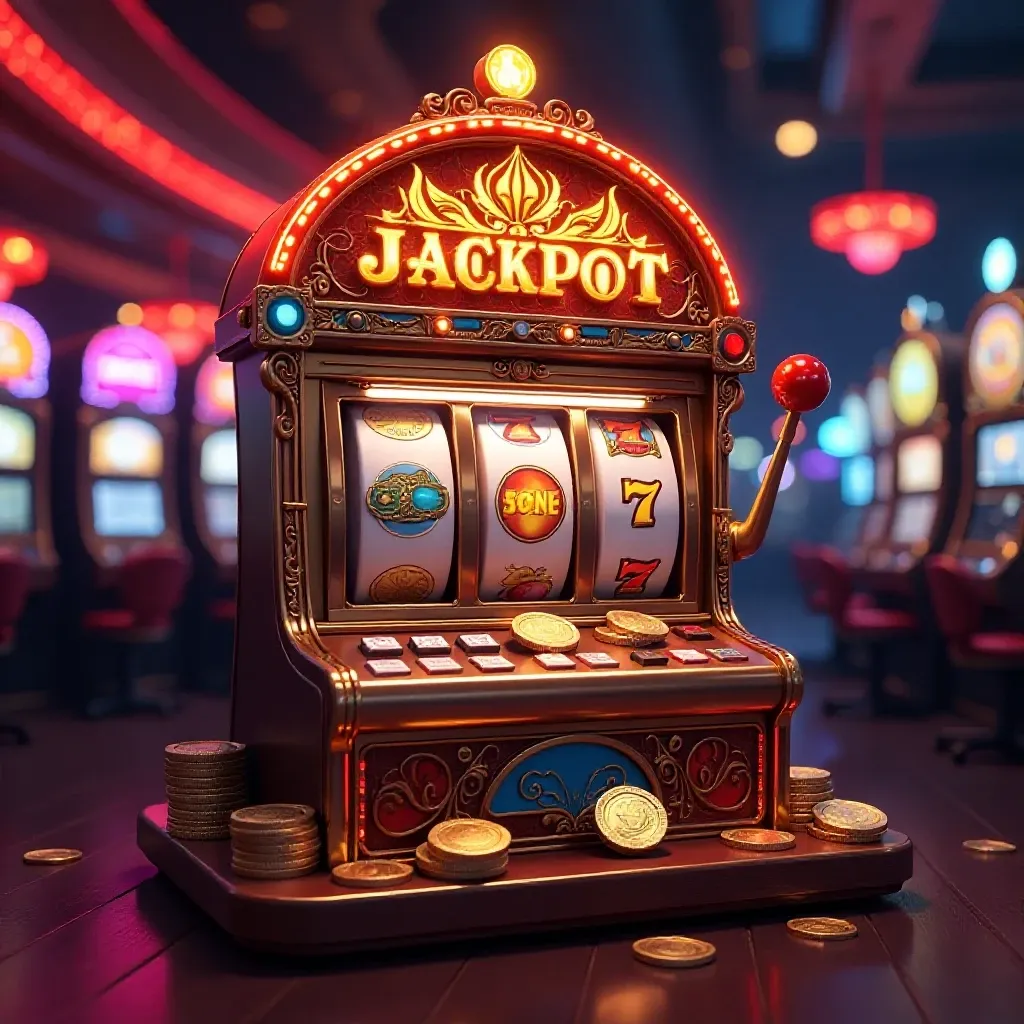 Jackpot_Fantasy_Render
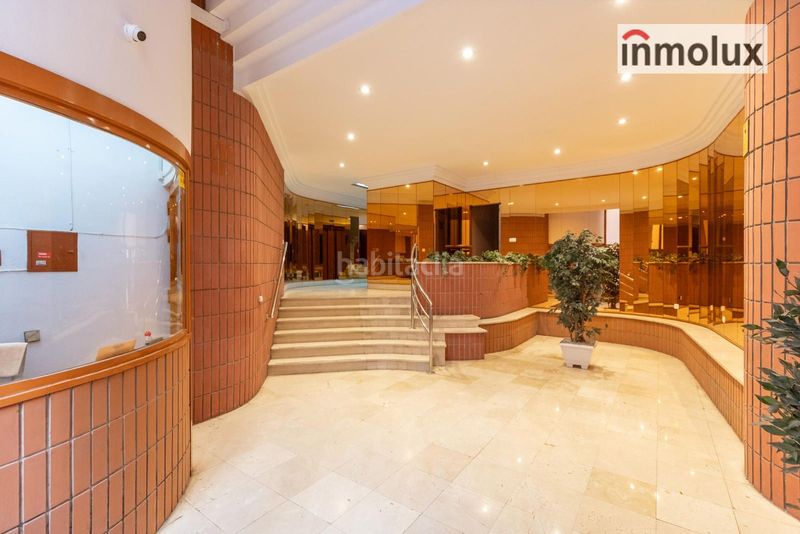 Foto 430f92f5-e216-4f96-9b2f-14ede04862cf. Pis amb calefacció a Barrio del Centro Alicante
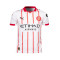 Koszulka Puma Kids Girona Fc 2025-2026 Home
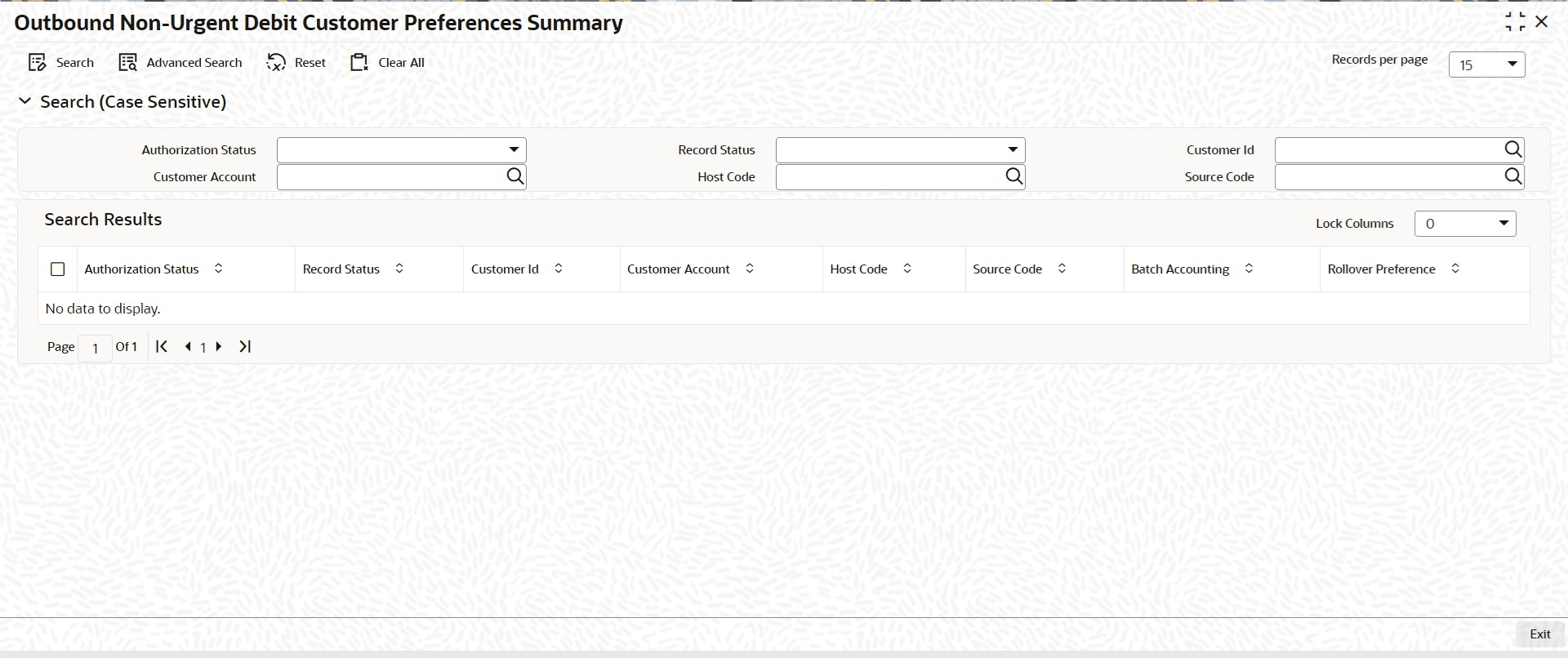 Description of Figure 1-154 follows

- _ACTIVITY_
Reproduce the material exactly; omit the pictures.

- _ANSWER AREA_
 Jackpot_Fantasy_Render
 Foto 430f92f5-e216-4f96-9b2f-14ede04862cf. Pis amb calefacció a Barrio del Centro Alicante
 Koszulka Puma Kids Girona Fc 2025-2026 Home
 Description of Figure 1-154 follows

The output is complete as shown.